Exercise directions: Output the exact lines that start at the one containing "Black Veil Brides : Mist" and continue to the last line of the entries below; do not output pictures.
========================================
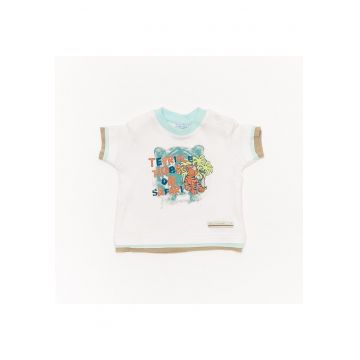 Tricou  -bebe  - JTJM9735A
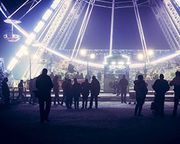 Disposable Breathalyzer,  Breathalyzers Online | Drink and Drive Safe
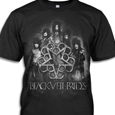 Black Veil Brides : Mist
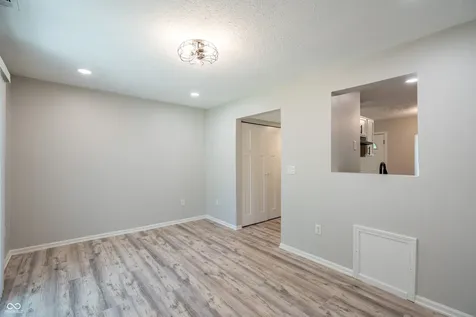1309 S Senate Avenue Indianapolis IN 46225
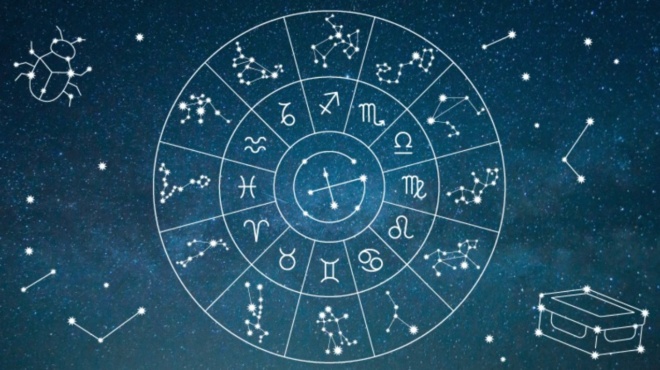 zodia-oi-astrologikes-provlepseis-gia-ayrio-tetarti-27-oktovrioy-18110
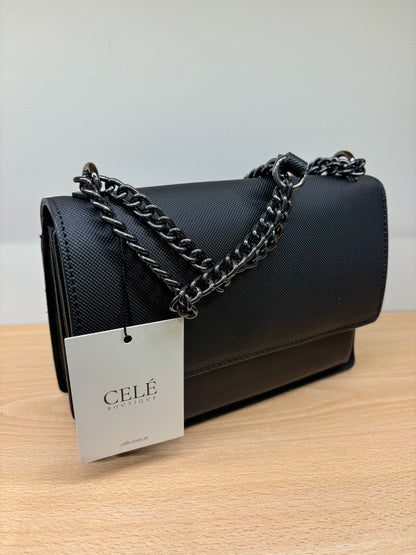 Bolso Lila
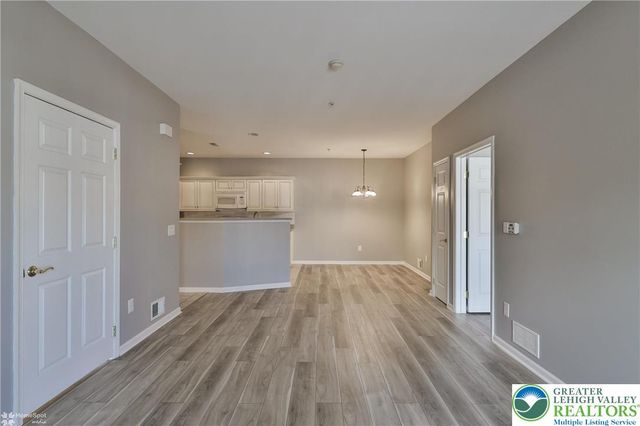 710 Eden Terrace, Easton, PA 18042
========================================
Solution for this problem:
 Black Veil Brides : Mist
1309 S Senate Avenue Indianapolis IN 46225
 zodia-oi-astrologikes-provlepseis-gia-ayrio-tetarti-27-oktovrioy-18110
 Bolso Lila
 710 Eden Terrace, Easton, PA 18042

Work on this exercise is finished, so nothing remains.